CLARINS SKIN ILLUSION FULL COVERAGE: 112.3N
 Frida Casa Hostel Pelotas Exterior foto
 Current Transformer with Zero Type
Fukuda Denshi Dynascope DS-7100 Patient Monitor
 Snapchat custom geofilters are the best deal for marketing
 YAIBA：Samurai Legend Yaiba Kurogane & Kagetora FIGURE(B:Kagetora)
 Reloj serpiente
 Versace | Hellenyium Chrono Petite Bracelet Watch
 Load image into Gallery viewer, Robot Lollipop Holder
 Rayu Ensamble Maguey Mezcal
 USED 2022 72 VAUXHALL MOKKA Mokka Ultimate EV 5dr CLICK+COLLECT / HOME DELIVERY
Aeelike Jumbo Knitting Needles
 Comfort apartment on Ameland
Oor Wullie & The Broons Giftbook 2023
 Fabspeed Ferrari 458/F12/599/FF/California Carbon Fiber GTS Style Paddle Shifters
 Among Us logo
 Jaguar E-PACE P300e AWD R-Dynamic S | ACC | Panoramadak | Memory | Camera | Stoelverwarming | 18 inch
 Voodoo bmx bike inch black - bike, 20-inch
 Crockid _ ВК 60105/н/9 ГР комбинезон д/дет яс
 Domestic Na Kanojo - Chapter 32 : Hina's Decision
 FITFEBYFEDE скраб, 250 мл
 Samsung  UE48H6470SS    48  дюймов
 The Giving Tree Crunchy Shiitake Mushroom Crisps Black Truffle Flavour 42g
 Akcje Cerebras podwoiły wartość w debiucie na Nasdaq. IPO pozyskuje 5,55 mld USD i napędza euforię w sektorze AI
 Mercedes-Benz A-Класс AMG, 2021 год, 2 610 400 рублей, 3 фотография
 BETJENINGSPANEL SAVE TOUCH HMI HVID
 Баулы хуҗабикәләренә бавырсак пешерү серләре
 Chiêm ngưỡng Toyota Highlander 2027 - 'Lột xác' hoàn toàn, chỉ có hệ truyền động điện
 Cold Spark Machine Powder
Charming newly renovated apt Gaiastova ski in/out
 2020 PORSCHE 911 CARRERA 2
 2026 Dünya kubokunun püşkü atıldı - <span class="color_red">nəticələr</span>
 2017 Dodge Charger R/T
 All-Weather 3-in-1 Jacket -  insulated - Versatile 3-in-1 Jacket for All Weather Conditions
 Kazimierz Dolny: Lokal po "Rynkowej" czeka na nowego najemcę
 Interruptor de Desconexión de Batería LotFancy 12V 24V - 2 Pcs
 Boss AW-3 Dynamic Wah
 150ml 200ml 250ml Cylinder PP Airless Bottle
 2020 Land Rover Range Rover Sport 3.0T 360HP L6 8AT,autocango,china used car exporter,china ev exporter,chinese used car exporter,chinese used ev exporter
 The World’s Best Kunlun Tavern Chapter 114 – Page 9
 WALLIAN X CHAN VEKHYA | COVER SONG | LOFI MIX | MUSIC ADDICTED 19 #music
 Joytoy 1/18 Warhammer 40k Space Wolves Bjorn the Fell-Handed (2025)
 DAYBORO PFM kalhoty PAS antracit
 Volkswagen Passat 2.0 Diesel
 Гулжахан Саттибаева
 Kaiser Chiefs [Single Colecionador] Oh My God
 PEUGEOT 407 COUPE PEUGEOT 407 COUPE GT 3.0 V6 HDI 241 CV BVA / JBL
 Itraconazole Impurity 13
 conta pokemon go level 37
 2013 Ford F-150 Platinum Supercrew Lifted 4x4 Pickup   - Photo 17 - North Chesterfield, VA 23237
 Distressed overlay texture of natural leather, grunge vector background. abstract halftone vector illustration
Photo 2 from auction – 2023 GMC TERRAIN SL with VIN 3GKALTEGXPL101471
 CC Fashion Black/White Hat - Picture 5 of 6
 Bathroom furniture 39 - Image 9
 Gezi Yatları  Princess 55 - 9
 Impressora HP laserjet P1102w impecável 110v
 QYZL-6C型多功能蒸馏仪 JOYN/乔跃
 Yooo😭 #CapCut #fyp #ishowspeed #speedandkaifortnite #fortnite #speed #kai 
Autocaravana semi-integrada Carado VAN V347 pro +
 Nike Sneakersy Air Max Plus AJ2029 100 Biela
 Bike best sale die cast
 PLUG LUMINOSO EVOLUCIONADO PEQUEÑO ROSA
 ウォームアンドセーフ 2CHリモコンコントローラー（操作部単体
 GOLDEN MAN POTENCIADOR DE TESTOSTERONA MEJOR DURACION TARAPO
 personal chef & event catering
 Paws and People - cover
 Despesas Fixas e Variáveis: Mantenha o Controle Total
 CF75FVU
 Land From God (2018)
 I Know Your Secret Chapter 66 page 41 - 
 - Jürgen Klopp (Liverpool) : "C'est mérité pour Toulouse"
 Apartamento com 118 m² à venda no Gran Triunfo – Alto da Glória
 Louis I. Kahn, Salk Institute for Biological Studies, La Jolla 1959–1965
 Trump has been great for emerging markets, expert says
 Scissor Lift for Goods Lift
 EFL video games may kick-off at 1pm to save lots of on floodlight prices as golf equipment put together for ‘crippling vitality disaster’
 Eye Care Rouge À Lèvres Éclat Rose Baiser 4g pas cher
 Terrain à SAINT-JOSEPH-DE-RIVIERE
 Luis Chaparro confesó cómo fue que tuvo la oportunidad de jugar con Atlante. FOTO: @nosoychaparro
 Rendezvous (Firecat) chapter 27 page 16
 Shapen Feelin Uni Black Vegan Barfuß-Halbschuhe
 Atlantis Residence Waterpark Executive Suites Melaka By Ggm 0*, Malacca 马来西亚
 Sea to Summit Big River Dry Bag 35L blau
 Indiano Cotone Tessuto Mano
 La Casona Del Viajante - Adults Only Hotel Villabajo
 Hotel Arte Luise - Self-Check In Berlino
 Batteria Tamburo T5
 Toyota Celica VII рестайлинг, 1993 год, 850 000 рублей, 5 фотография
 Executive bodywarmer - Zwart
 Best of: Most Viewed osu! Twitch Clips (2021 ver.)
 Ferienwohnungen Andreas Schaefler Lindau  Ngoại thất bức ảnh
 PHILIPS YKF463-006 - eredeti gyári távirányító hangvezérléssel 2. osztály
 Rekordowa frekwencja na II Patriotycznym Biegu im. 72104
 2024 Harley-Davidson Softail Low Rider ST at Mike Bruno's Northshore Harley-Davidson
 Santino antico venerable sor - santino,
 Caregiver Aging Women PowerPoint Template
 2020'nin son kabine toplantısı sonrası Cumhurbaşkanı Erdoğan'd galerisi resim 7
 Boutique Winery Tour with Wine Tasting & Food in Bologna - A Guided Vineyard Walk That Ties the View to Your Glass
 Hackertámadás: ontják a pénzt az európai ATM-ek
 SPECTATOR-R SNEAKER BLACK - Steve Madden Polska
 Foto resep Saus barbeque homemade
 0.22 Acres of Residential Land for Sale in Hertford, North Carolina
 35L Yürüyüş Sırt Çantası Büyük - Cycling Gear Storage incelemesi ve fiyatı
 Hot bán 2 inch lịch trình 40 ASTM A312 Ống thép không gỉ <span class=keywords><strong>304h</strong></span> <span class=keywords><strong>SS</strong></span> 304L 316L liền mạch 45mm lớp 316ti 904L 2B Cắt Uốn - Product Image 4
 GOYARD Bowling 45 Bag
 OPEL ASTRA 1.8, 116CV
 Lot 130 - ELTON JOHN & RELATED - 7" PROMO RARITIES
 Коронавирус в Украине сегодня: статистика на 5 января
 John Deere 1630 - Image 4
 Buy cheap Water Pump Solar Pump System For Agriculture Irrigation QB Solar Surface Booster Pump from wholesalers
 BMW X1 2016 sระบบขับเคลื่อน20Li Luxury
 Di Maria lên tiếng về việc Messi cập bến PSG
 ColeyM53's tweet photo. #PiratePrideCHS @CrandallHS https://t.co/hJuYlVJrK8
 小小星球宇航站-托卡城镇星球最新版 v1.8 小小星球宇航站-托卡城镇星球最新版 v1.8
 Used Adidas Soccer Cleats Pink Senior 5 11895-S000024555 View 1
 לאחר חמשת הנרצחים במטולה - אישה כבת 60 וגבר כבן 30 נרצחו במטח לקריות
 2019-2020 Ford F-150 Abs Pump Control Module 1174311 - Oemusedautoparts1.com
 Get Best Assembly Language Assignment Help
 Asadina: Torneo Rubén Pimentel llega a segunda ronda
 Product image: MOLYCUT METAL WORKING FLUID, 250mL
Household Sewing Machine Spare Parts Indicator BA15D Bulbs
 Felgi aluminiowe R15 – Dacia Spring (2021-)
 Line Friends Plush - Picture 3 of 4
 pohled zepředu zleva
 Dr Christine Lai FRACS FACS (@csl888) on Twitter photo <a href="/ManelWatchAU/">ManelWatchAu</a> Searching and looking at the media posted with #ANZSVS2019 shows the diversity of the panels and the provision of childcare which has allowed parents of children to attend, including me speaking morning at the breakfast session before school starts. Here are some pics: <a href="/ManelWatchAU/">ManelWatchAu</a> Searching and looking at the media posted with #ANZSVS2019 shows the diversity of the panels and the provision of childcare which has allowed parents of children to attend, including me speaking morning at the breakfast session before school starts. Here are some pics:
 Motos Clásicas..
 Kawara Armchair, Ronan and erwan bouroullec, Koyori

• • • • •

* Problem *
Both the first line of the records above and the line containing "Snapchat custom geofilters" are to be transcribed exactly, together with every line between them, and nothing else.

* Output of the task *
CLARINS SKIN ILLUSION FULL COVERAGE: 112.3N
 Frida Casa Hostel Pelotas Exterior foto
 Current Transformer with Zero Type
Fukuda Denshi Dynascope DS-7100 Patient Monitor
 Snapchat custom geofilters are the best deal for marketing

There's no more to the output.